Northerners, meanwhile, never thought Eclipse could lose. Yes, the nine-year-old horse was near the end of his racing days, but he was still strong and fearsome. His fans had faith in him and in his human support team; his chief financial backer, John Cox Stevens, was a millionaire sportsman. Cornelius Van Ranst, the self-doubting old horseman who owned and trained Eclipse, was the only one worried that the horse might in fact be too old and that this match against Henry would push him beyond his limits.
With both sides viewing the race as a chance to have their region’s superiority affirmed, a spectacle ensued. For days ahead of time, steamships and stagecoaches brought thousands of southern race fans to the streets of New York. Hotels, bars, and taverns filled. Northerners and southerners, jammed shoulder to shoulder, exchanged taunts and punches, certain their side would win the race.
Hanging in the air, almost tangible enough to grasp, was the combination of energies that would later serve as the foundation of the modern sports experience: the power of regional pride, the thrill of shared passions, the ability to see a contest as an allegory. And the intense desire to win.
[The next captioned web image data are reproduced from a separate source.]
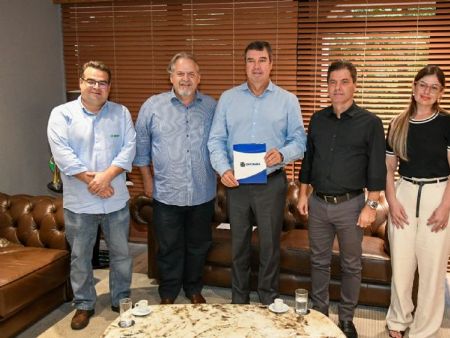 Fabio Caminha Diretor da Famasul, Marco Antônio presidente do Sindicato Rural de Maracaju, Eduardo Riedel Governador, prefeito Marcos Calderan e Dayani Barbosa secretaria de governo na Capital Campo Grande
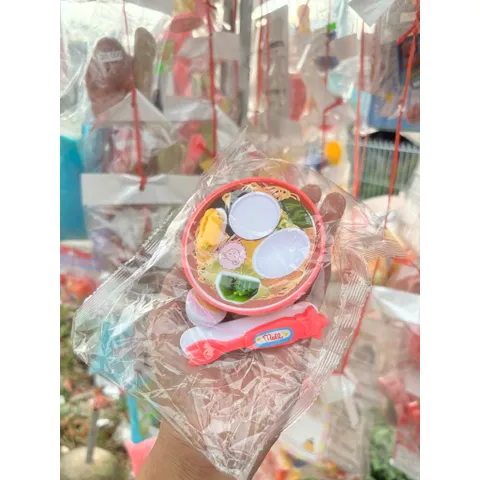 Đồ chơi nhựa đút chén mì giải trí đút pudding vui nhộn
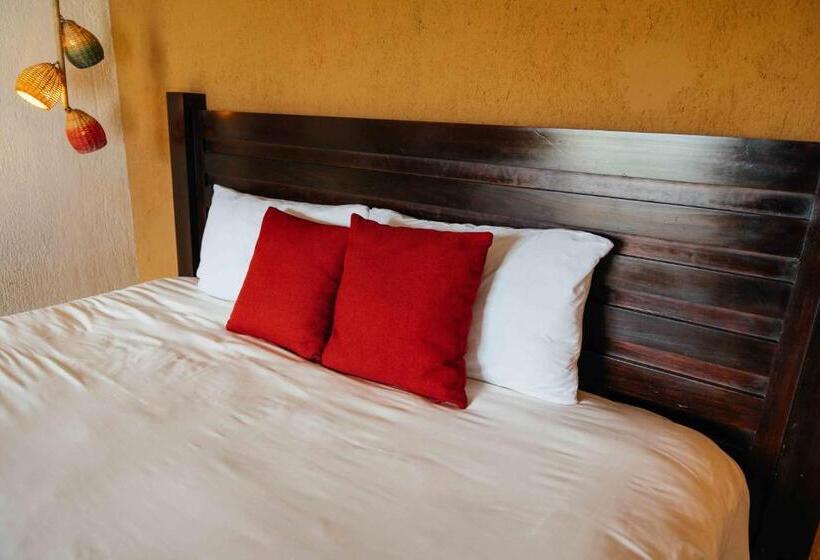 استودیوی استاندارد, Casa 1800 Ataco Hotel Boutique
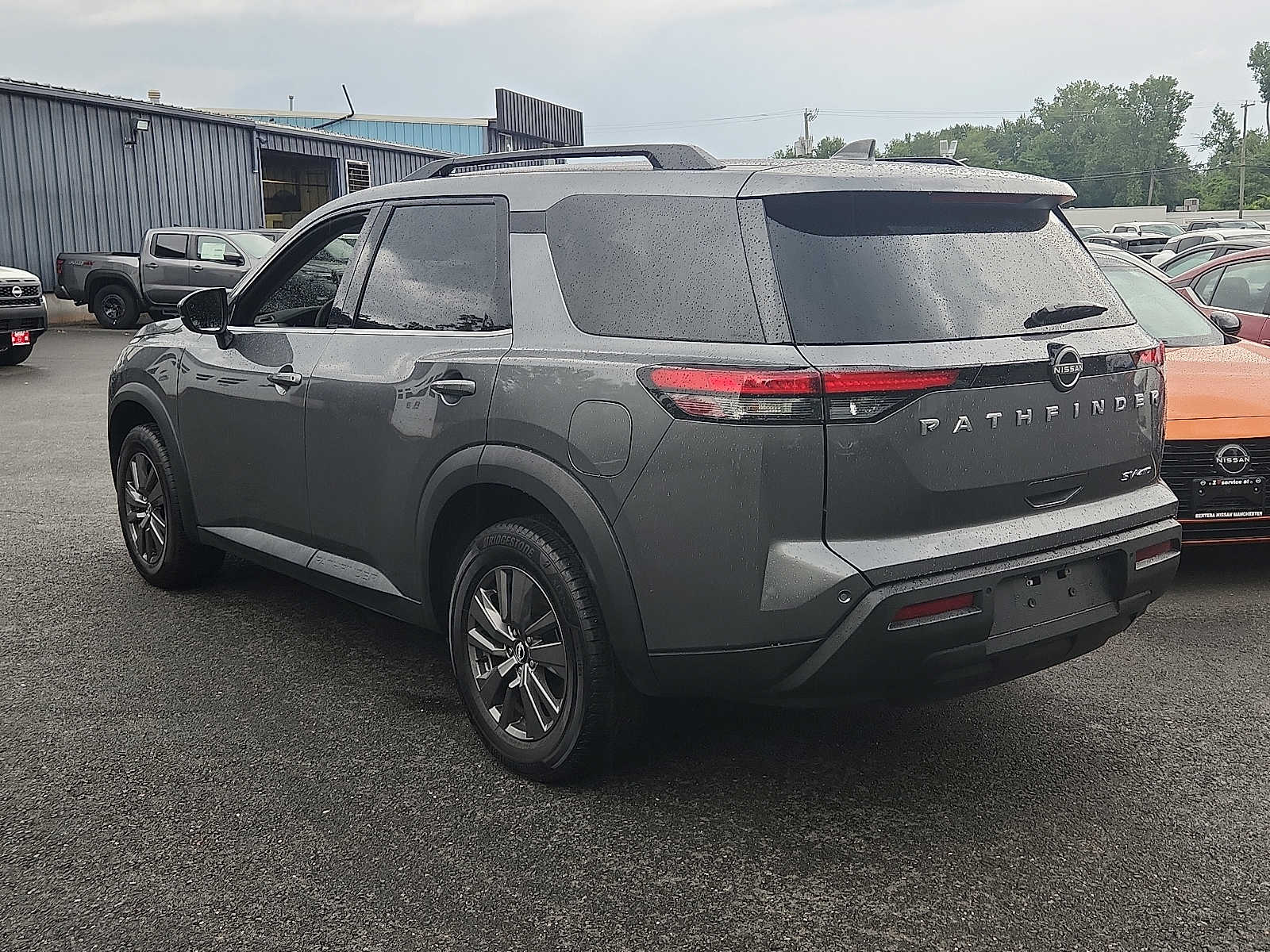 Vehicle image 6 of 30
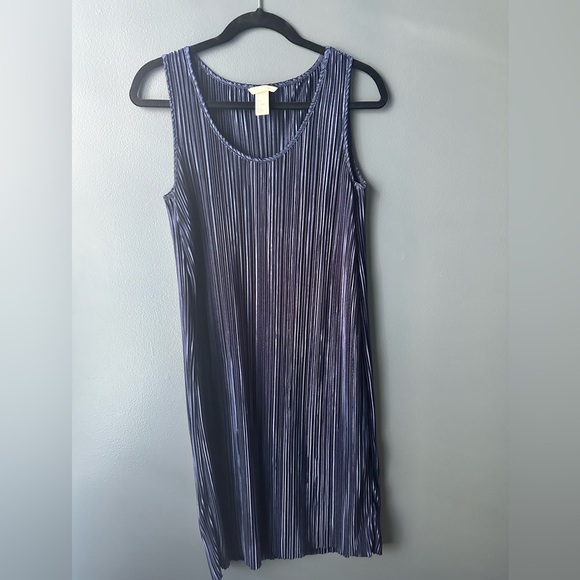 💙 EUC H&M Dress Deep Blue Pleated Dress size small women’s - Picture 1 of 9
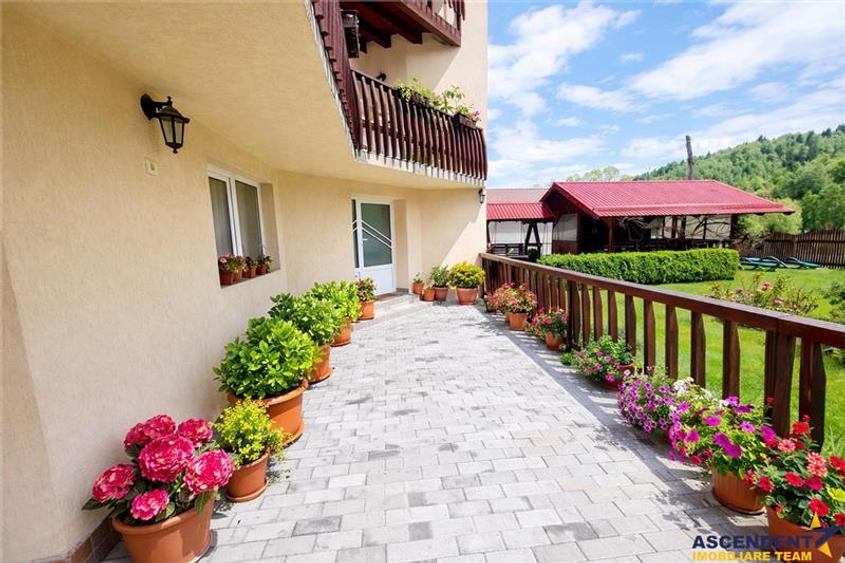 Rezidential/ Pensiune in decor de poveste,  Moieciu, Bran - 14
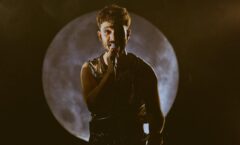 Cantor Felipe de Oliveira apresenta show “Terra Vista Da Lua” em São Paulo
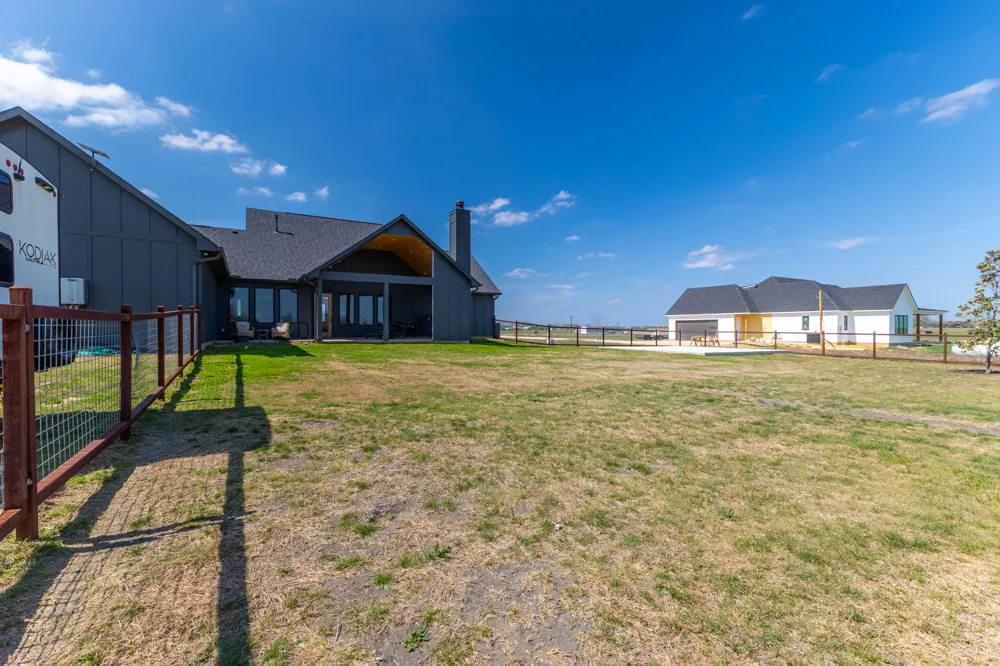 115 Country View Lane Schulenburg, TX 78956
On race day, as tens of thousands of people crossed the East River on dangerously overloaded ferries from New York City and journeyed to Jamaica along dusty dirt roads, it was as if all the armies in the world had gone on maneuvers together. In the end, everyone somehow fit inside the Union Course’s rickety fences, a sweltering rabble with eyes fixed on the oval dirt track in front of them.
Then the nation stopped to pray, the horses started to run, and the roars of the great crowd began to thunder. Goodness, who had ever heard such noise?